Lines of the listing below that contain the string "front" are to be returned.

*SOURCE DATA*
[Start of Attachment]

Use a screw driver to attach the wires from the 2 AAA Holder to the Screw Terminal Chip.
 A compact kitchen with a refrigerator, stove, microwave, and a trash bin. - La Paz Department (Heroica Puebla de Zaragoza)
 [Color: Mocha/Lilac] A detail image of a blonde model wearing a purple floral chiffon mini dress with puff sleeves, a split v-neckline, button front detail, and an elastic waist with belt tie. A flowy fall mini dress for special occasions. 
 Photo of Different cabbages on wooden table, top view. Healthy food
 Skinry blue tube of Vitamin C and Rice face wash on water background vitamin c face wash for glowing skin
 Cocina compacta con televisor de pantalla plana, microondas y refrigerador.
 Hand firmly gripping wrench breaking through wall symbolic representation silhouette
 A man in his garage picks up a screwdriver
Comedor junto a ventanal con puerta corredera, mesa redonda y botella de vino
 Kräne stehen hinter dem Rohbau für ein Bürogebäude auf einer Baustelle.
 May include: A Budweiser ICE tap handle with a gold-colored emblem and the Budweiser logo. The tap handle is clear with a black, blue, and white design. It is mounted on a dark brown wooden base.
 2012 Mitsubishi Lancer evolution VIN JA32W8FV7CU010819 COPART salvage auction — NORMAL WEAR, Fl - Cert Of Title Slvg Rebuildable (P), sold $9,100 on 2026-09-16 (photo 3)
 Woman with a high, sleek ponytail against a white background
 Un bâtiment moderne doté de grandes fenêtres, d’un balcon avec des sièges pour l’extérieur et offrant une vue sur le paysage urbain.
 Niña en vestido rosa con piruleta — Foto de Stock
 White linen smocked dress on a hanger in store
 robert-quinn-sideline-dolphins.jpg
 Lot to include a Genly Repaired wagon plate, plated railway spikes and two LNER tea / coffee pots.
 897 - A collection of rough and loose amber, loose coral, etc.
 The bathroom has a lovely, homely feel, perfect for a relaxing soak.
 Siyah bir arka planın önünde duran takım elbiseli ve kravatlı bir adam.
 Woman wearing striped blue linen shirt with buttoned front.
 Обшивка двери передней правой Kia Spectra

[End of Attachment]

*TASK RESULT*
 [Color: Mocha/Lilac] A detail image of a blonde model wearing a purple floral chiffon mini dress with puff sleeves, a split v-neckline, button front detail, and an elastic waist with belt tie. A flowy fall mini dress for special occasions. 
 Woman wearing striped blue linen shirt with buttoned front.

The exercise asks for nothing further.